During the Second World War, the Germans expelled the monks and turned the monastery into an outpost, resulting in damage from allied attacks.
When the Nazis left, the monks returned to the monastery.
Today the monastery is open to the people and attracts a lot of visitors especially during the summertime.
The Church of Saint Gregorios (GR:Άγιος Γρηγόριος) at the beginning of the alleyway that leads to the monastery.
In the church there is the icon of the Holy Mother, which was the reason for the monastery to be built. It is said that during the period of iconoclasm, someone in order to protect it, brought it here and hid it, in niche of a rock.

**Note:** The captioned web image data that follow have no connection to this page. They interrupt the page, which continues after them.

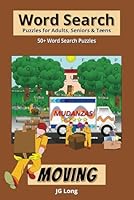 Moving Word Search Book: Pack up with Easy to Read Print. Great for Gifts, Leisure Time, Travel and more. 6x9 inches, 110 pages. B0F5WVHLJR Book Cover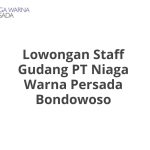 Lowongan Staff Gudang PT Niaga Warna Persada Bondowoso Tahun 2026 [Apply]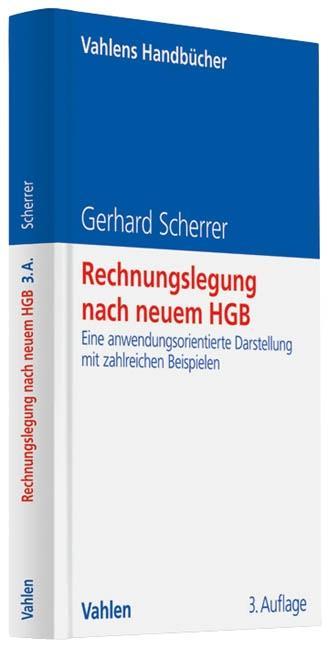 Rechnungslegung nach neuem HGB - Scherrer, Gerhard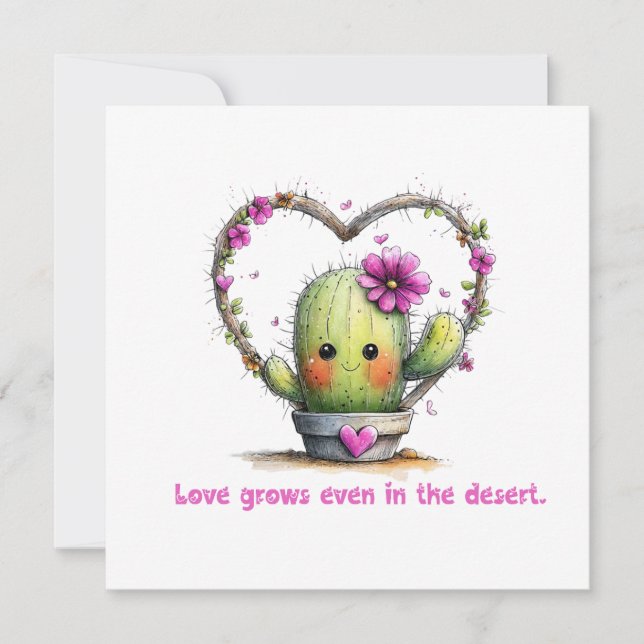 Love Grows Even in the Desert – Greeting Card (Front)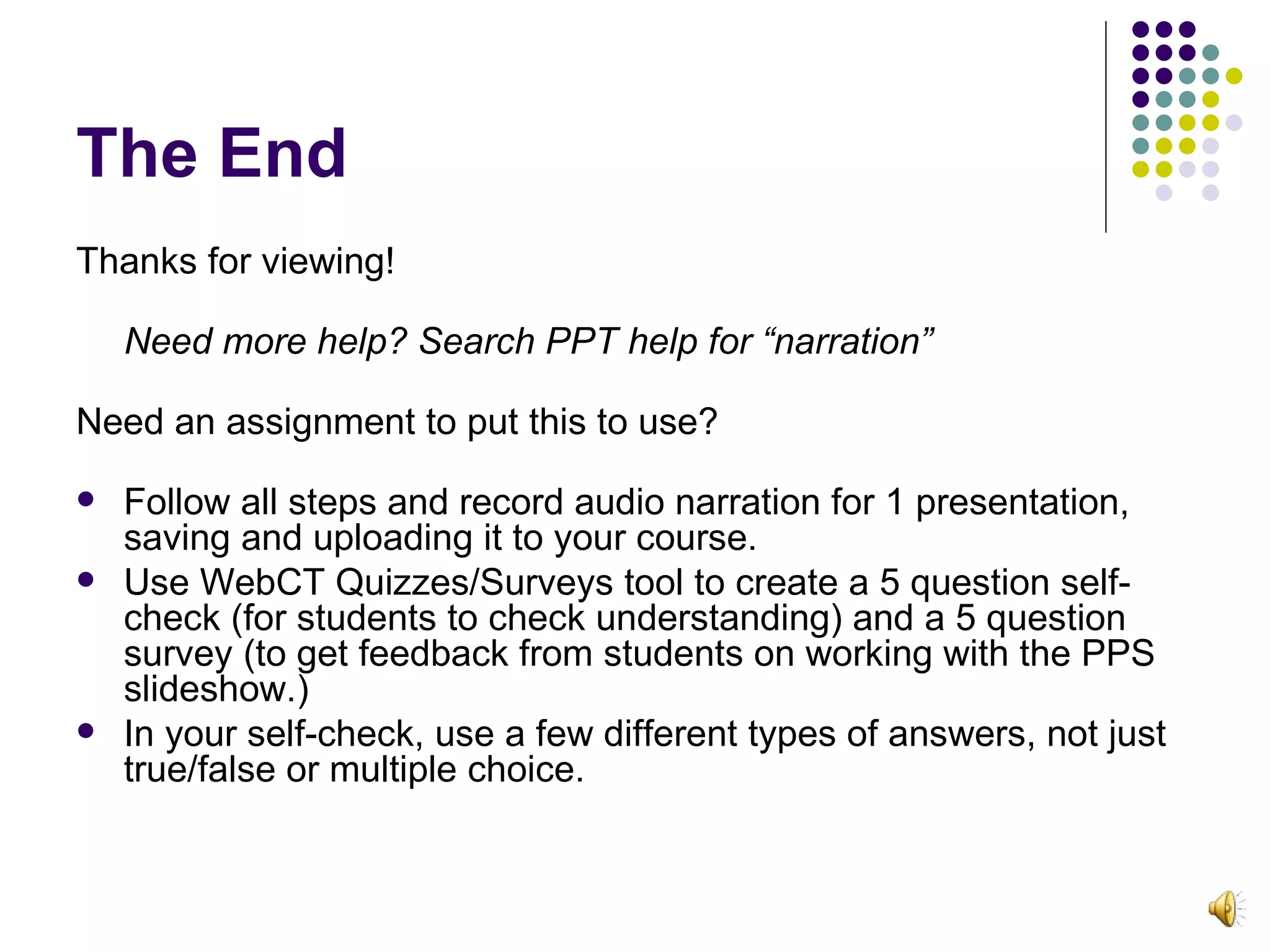 The End Thanks for viewing! Need more help? Search PPT help for “narration”   Need an assignment to put this to use? Follow all steps and record audio narration for 1 presentation, saving and uploading it to your course.  Use WebCT Quizzes/Surveys tool to create a 5 question self-check (for students to check understanding) and a 5 question survey (to get feedback from students on working with the PPS slideshow.) In your self-check, use a few different types of answers, not just true/false or multiple choice. 
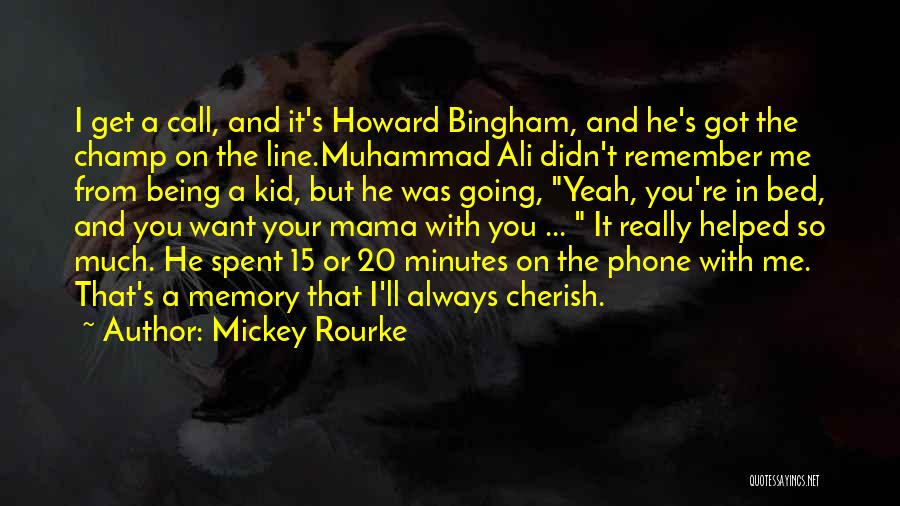 Always On Phone Quotes By Mickey Rourke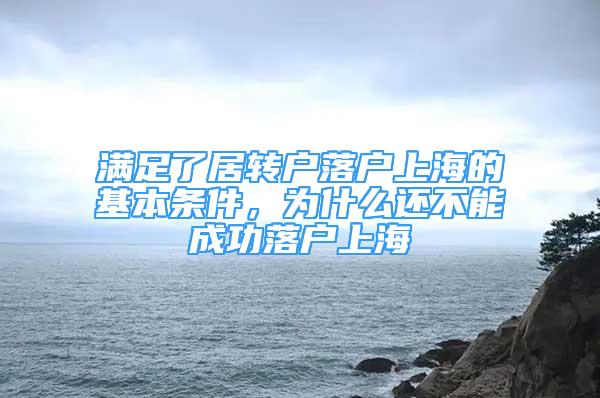 滿足了居轉(zhuǎn)戶落戶上海的基本條件，為什么還不能成功落戶上海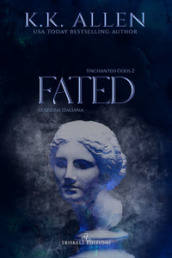 Fated. Enchanted gods. Ediz. italiana. 2.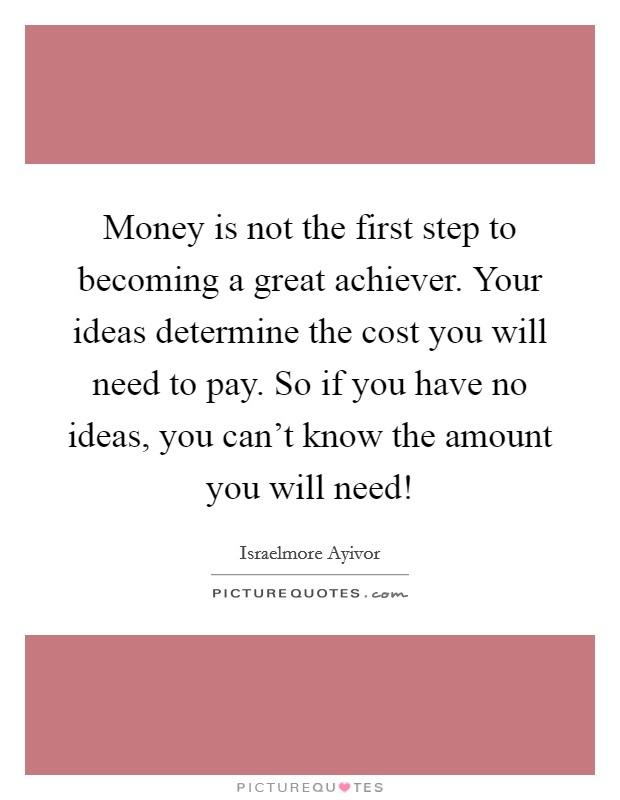 Money is not the first step to becoming a great achiever. Your ideas determine the cost you will need to pay. So if you have no ideas, you can't know the amount you will need! Picture Quote #1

Years later a farmer saw a vision that guided him to find the icon and build a church dedicated to the Holy Mother.
After the massacre in Elafonissi in 1824, the Turkish-Egyptians passed from Chrysoskalitissa, and decided to destroy the monastery. They did not, however, because a swarm of bees who had their nest in a crypt just before the entrance, prevented them.
Climbing the stairs to the monastery we see the entrance and to the right the crypt where the bees had their hive.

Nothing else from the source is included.